Je suis en haut de quelque chose. Je pourrais glisser, là, ou là, mais je me tiens debout. Je pourrais glisser, mais c’est le rire qui vient. Je suis debout, là, et je mesure ma dette à la profondeur de l’abîme. Je te dois ça.
« J’étais un saltimbanque, tu sais, je ne suis pas très… » « Mais tu es toujours un saltimbanque » je la regarde, étonné, et me sens si bête, si bête. Oui, je le suis toujours. Alors qu’est-ce que je fais là ? Qu’est-ce que je fais là ? Je suis pris d’une étrange honte, de m’être oublié à ce point, de m’être laissé castrer sans rechigner. Je me tire les tarots, comme dans les pires moments, et ils disent « tu as fait un long pèlerinage, mais il est terminé. Tu dois maintenant rentrer chez toi.
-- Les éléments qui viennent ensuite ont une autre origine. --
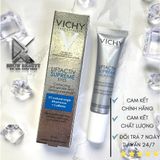  Kem dưỡng giúp giảm nếp nhăn & săn chắc da vùng mắt Vichy Liftactiv Eyes Supreme 15ml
Tu es attendu » OK. Personne ne m’attend, mais je rentre chez moi.
J’invite. Ça fait si longtemps que je n’avais pas invité… Quelques-uns oralement, peu par mail, beaucoup par facebook. Heureusement, j’ai encore quelques copains ici. Mais en faisant le tour des invitations, je me rends compte que la majorité de mes contacts, des gens avec qui je discute régulièrement, simplement, sont géographiquement très loin. Je ne peux pas les inviter pour passer boire un coup. Et je suis obligé de faire un effort mental pour me dire, ha non, il ne passera pas, il ne va pas faire 15 000 kilomètres pour un verre de vin discutable… C’est le monde dans lequel nous vivons maintenant. Il n’y a plus de géographie, jusqu’à ce que tu veuilles trinquer. À quoi ? Ha ha ha à quoi. À un nombre incroyable de choses. Trop, pas facile de dire à quoi. Mais à qui, je sais.